The last blog from the ML team here ended with a famous quote from Sun Tzu:

“… if you know yourself and know your enemy, you will gain victory one
hundred out of a hundred. … if you do not know your enemy, you will meet one defeat for
every victory”.

Knowledge of data and domain expertise is what makes the difference between winning and failing. Yet, the perception from the media is the advances of Deep Learning render the latter claim void: you no longer need to know your data, you can just apply a little DL magic and your problem will be solved. This, however, lies far away from the reality we face every day as data scientists within the legal domain.

“When planning a victory according to my counsel, act according to the situation
and make use of external factors. To act according to the situation is to seize
the advantage by adapting one’s plan”

Sun Tzu, ‘Art of War’

To be clear, Deep Learning networks have enormous capacity and promise. But this capacity implies that you need to design your networks carefully to be able to find the structure in your data, which in turn requires domain knowledge. You cannot use an out-of-the-box Convolutional Neural Network (CNN) model and expect state-of-the-art results. You cannot use standard sentiment classification networks and just create a winning movie review app. In order to succeed when applying DL methods to legal domain data, you truly need to understand it. This will give you knowledge to properly adapt your plan and tools to your task.

Arguably, one of the first triumphs in DL, was the pioneering work of LeCun et al, who built a Deep Learning model which could understand raw images. This was back in the 90’s. Twenty years later, Jeff Dean, head scientist at Google Brain states in this article:

“There are fundamental changes that will happen now that computer vision really works”.

Without question, the foundation for this victory is all the hard work, many lost battles and vast amounts of knowledge by numerous teams and experts.

“A general who recklessly underestimates the enemy is sure to be captured.”
Sun Tzu, ‘Art of War’

The state of DL methods for Natural Language Processing (NLP) is very different than that of image recognition. The problem in itself seems to be harder, since the structure of a language is more complicated than that of a picture.

For instance, in an image, the meaning of the data tends to be localized, thus to understand if a given pixel belongs to a nose or an ear of a human face, you need only to look at the pixels nearby. This is not the case with text, however.

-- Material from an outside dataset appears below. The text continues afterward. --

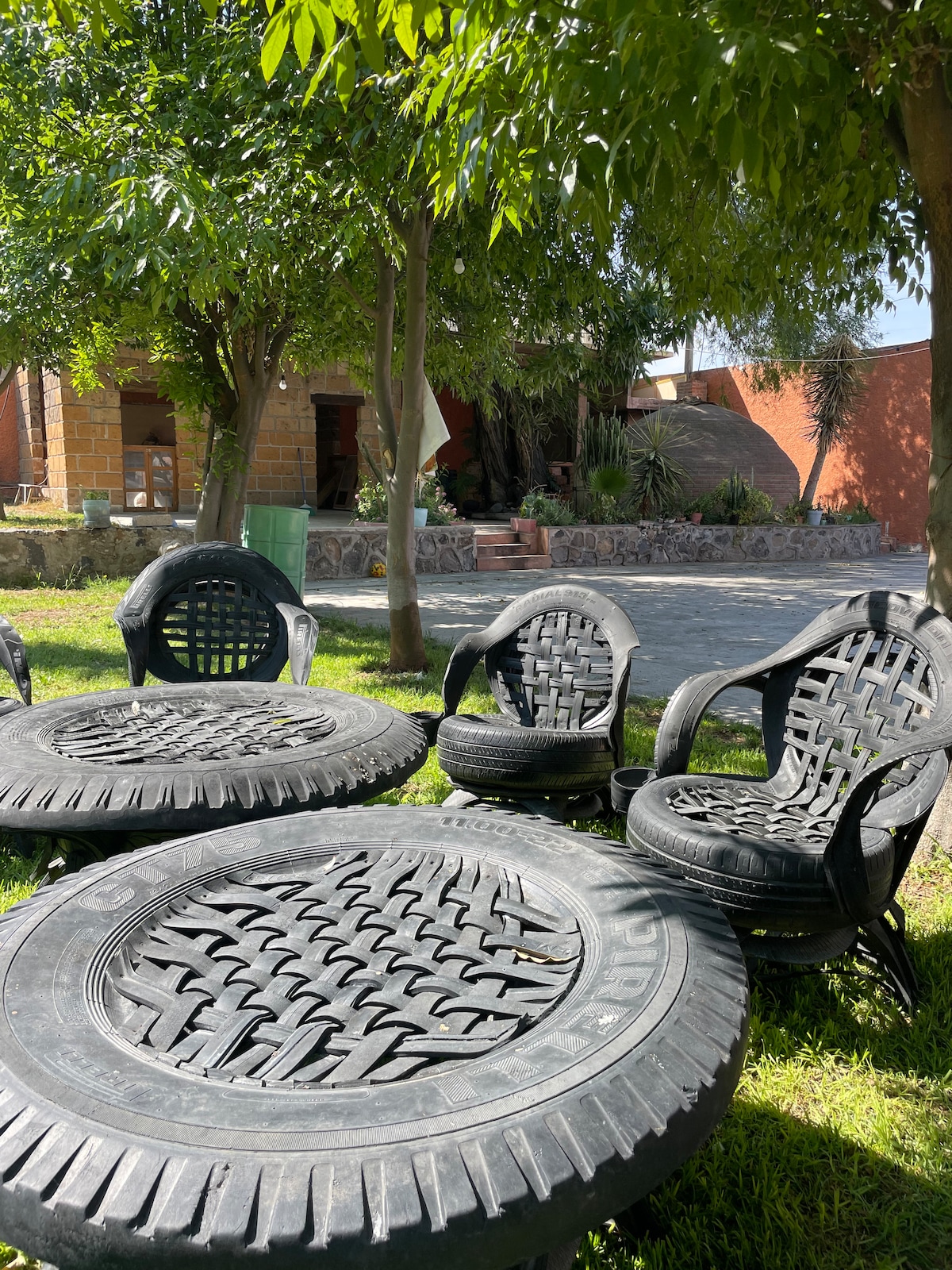 An outdoor seating area features several comfortable chairs and a round table made from recycled tires, surrounded by vibrant green grass and trees. A part of the property is visible in the background, showcasing a serene and inviting atmosphere.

Words related to each other may end up far away from one another, yet this is not a hindrance for our brain to understand the text. Languages are neither uniform nor standardized. They have their quirks, where semantics is hidden in metaphors, idioms, colloquial expressions, not to mention the explicit obfuscation of meaning by complex embedded structures. Therefore, one should not underestimate the enemy and its traits.

Furthermore, in the visual domain, data is everywhere! Facebook, Flickr, Instagram, etc. are bombarded with millions of photos by users of the most diverse motives every day. In the legal domain, these kinds of volumes are much harder to come by, and the price tag is much higher. This scarcity of data means that it is all the more important to understand it and correctly handle it. In the realms of Deep Learning, this also entails that we carefully have to construct networks to be able to capture the meaning and structure of legal terms, clauses and documents.

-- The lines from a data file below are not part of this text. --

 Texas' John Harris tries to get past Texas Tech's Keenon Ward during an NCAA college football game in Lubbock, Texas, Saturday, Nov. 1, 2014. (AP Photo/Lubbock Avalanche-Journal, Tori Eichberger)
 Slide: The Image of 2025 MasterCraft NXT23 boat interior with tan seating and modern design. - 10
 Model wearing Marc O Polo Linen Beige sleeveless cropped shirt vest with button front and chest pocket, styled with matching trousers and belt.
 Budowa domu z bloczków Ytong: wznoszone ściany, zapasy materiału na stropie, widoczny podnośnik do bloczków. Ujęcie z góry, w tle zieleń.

“What tends not to work very well today, and is a very active area of research, is areas
where we don’t have very much example data of what we want the system to do, where you have very few labeled examples.”

Jeff Dean on Machine Learning Problems Yet to be Solved

The legal field is a perfect example in support of Dean’s statement. On one hand, the size of data where we have good, labeled examples of certain legal provisions can be far too small for training DL networks. One the other, the nature of contracts has another quirk as well — a provision consisting of only one sentence may or may not exist in a thousand-page contract. This renders our task of successfully finding the needle in the haystack with the highest precision a difficult one.

In order to address these problems, we have built a proprietary framework and environment to be able to easily conduct vast amounts of experiments. In our Machine Learning lab in Sweden we devise ways to work with and find successful solutions to many tricky and hard questions. Our machines work around the clock, constantly seeking to improve the latest results, both using state-of-the-art Deep Learning approaches as well as classic Machine Learning techniques. In the end, the framework automatically picks up to utilize the best models for a given task. But even with today’s advancements in computational power, these networks and models may take long time to train, often several days, and is not unusual for us to devise experiments that take weeks to finish.

Many results will be disappointing, many parameters will be useless, and many models will be unusable. But, sweet are the victories when everything falls, finally, into place and we achieve the desired result. The surviving models on this battlefield of Machine Learning, stand victorious and find their place into the latest release of our product, ready to be applied to customers’ data.